The other, Professor Myers wrote, relates to the fact that “[w]hen people think about why an idea might be true, it begins to seem true . . . .  Thus, another way to reduce overconfidence is to get people to think of one good reason why their judgments might be wrong, forcing them to consider why opposing ideas might be right . . . .”  For impending disasters, that could mean using local media and community meetings with local officials to confront “we-can-ride-it-out” beliefs with information as specific as possible on the impending disaster’s likely impact in that community – perhaps even supplemented with examples of people in previous disasters who came to regret their “ride-it-out” decisions.  For corporate situations, that could mean compliance officers talking with key participants in a risky course of action about what those participants believe to be non-risky decisions and actions, and pointing out information that would support opposing ideas and recommendations.

“Herd Thinking”/Social Proof: To combat “herd thinking” or social proof-based decisionmaking by people before disasters, officials should use public-service messages and community- meeting talks that call attention to that particular bias.  One example would be, “Folks, don’t assume that just because others in your community are talking about staying, that’s the right decision for you and your families.  Talk with your neighbors and friends all you want, but in the end make your decision based on the latest information, not assumptions about what others are doing and why.”

A similar approach can work in corporate environments.  Compliance training, for instance, can include guidance to employees that says, “If you hear or see something that you feel in your gut is wrong, trust your first instincts and talk about it with someone – your manager or our ethics line.  Don’t assume that because no one else is speaking up about it, no one shares your concerns.”

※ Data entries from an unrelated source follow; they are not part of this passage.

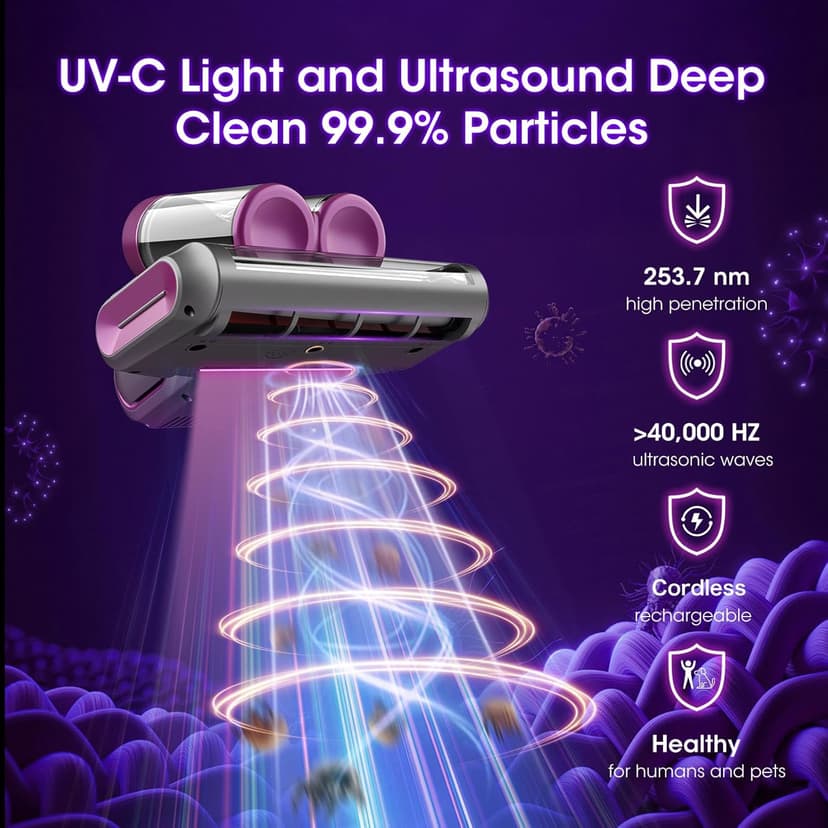 Bed Mattress Vacuum Cleaner Cordless 16Kpa Handheld Vacuum, Vacuum Cleaner with 253.7nm UV-C Light,HEPA Filter & Ultrasonic, Portable Vacuums for Sofa Bed Couch Crib Gifts for Women her Man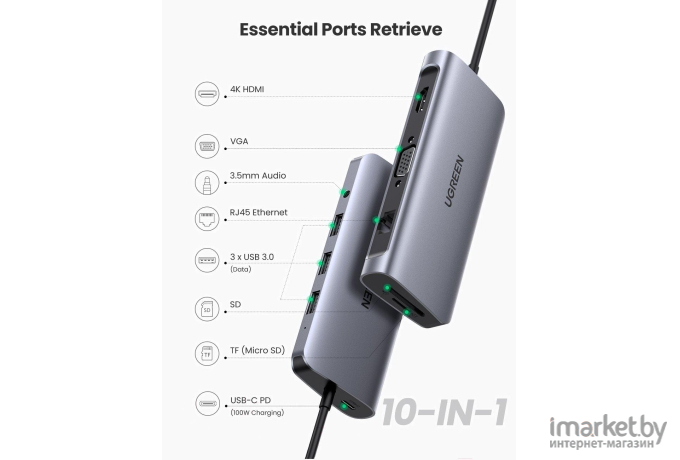 USB-хаб Ugreen CM179 USB-C серый [80133]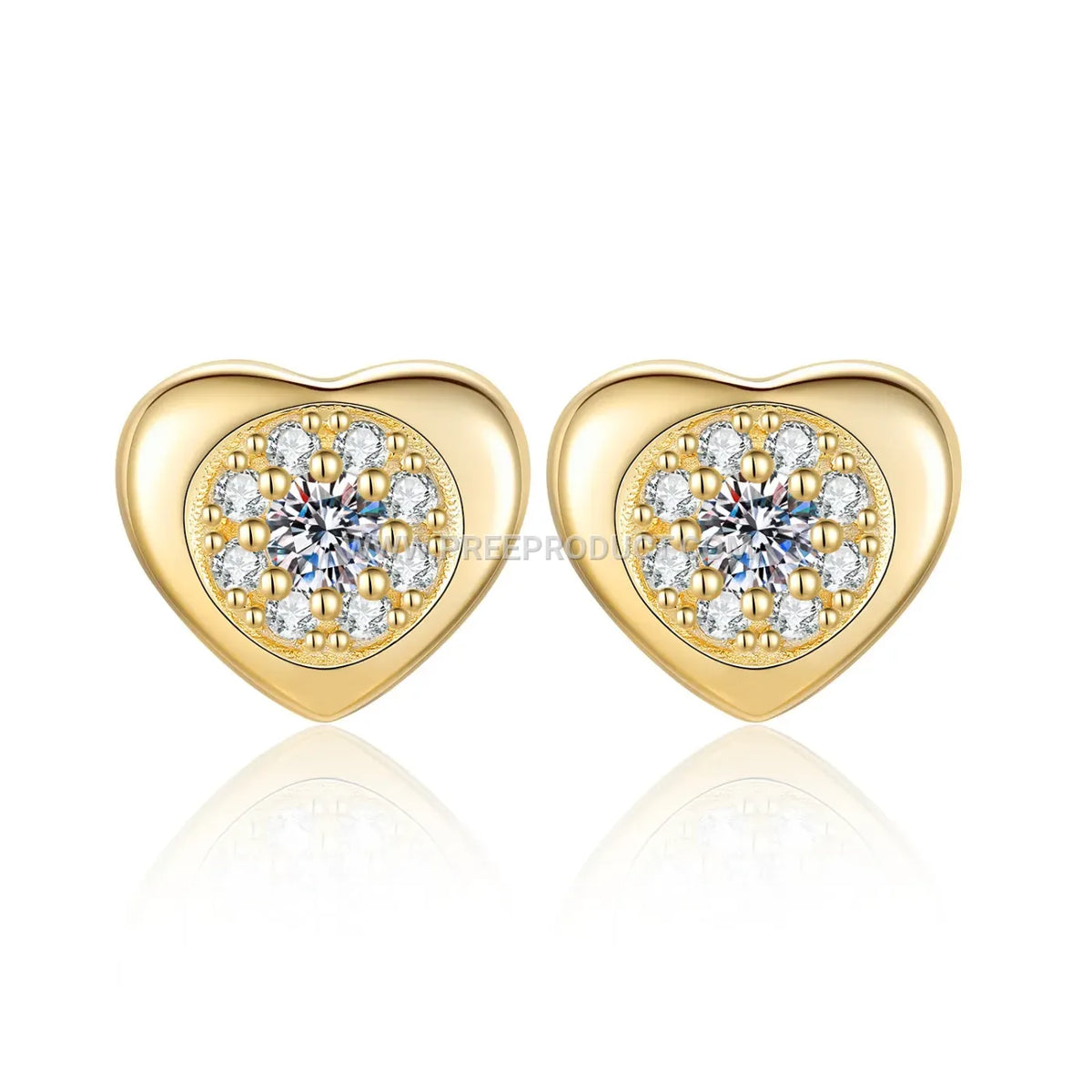 Minimalist Heart Moissanite Silver Stud Earrings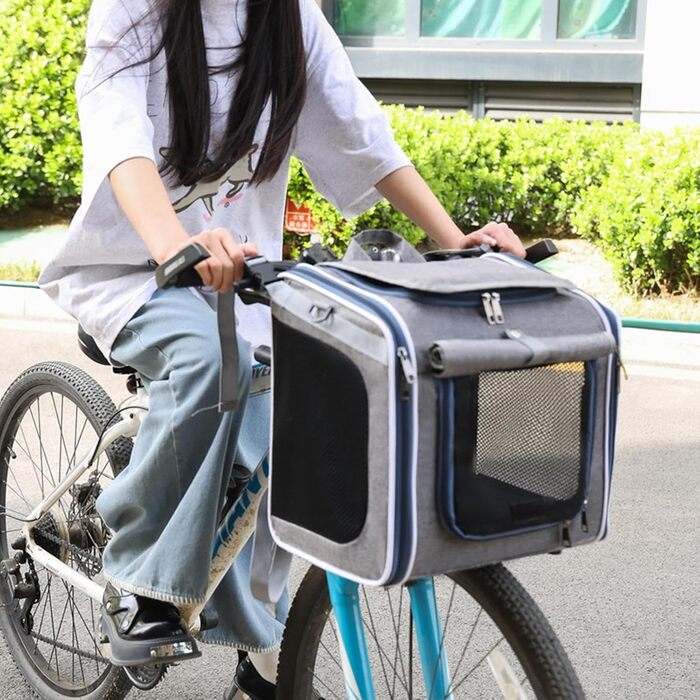 Транспортна сумка для собак на велосипед ETUCYNG | Складаний рюкзак для собак та котів | Безпечний велосипедний кошик для тварин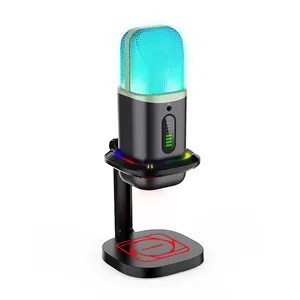Hot Sale 192khz/24 Bit Frequency Recording Podcasting Game Led Lights Adopt Plastic Usb Microphone For Teaching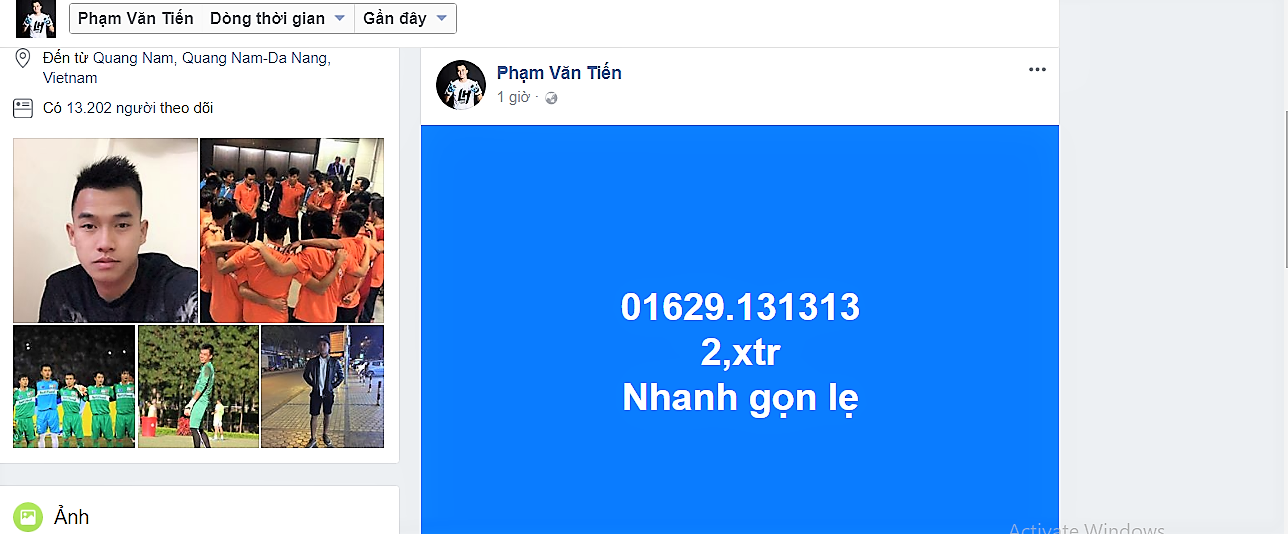 Không kinh doanh mặt hàng làm đẹp hay món ăn như hai đồng đội Hồng Duy và Thái Học, thủ môn Phạm Văn Tiến chọn lựa việc bán sim số đẹp cho mọi người. Có lẽ với sự phát triển đa dạng của thị trường mạng, ngoài chuyện đá bóng kiếm tiền các cầu thủ cũng đang tập kinh doanh Online để kiếm thêm thu nhập cũng là chuyện dễ hiểu.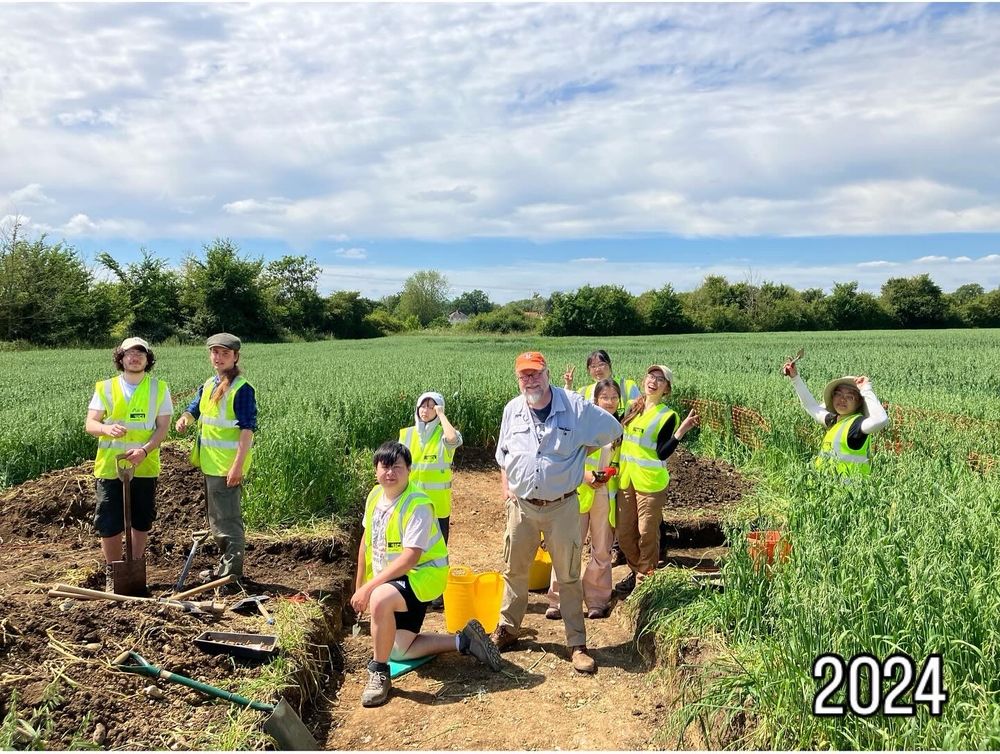 Another team of students and staff stand in a trench in Suffolk. They are surrounded by crops. 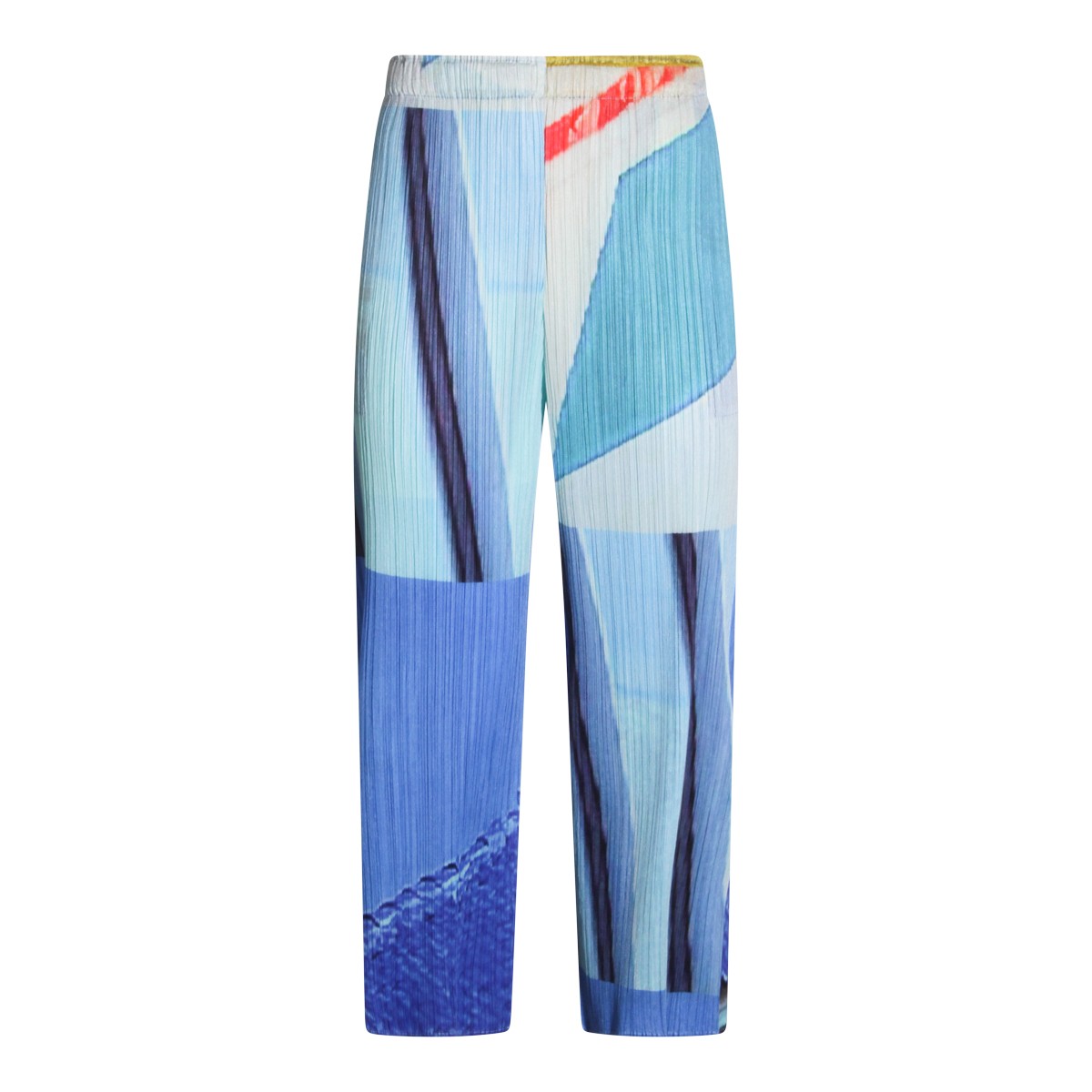 BLUE AND YELLOW PLEATED PANT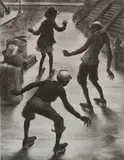 Lawrence Beall Smith, - ''Skaters''-, lithograph, 1939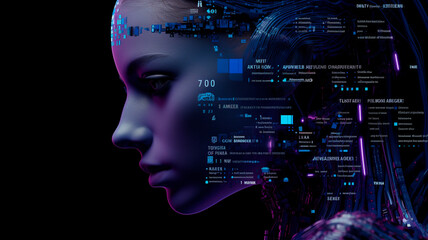 Data labeling for natural language generation, Blue-Purple Theme. Generative AI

Inertia and Simplification/Normalcy Bias: To combat inertia, Meyer recommended that governments “work hard to persuade people to develop precise preparedness plans that include a shopping list of supplies and exact plans for when and where to evacuate, should that be necessary.” To combat simplification, he similarly urged officials to present people with short lists of the most important preparation measures they should take.

In corporate settings, compliance officers need to supplement in-house compliance training and messaging to employees in two ways.  First, the training and messaging should convey that the need for employees to speak up or report misconduct is even greater when it appears that that misconduct is well underway.  Second, it should set clear priorities for how employees should report when that misconduct is advanced (i.e., directing an employee to notify a senior compliance officer rather than consulting his or her immediate supervisor or reporting through conventional whistleblower reporting channels).

This discussion cannot do justice to all of the cognitive biases and influences that can affect business decisionmaking and compliance.  It should indicate, however, why compliance officers need to pay closer attention to cognitive biases, and see that their compliance programs move beyond “check-the-box” policies and conventional internal controls to operationalizing measures that can counteract or reduce the influence of those biases.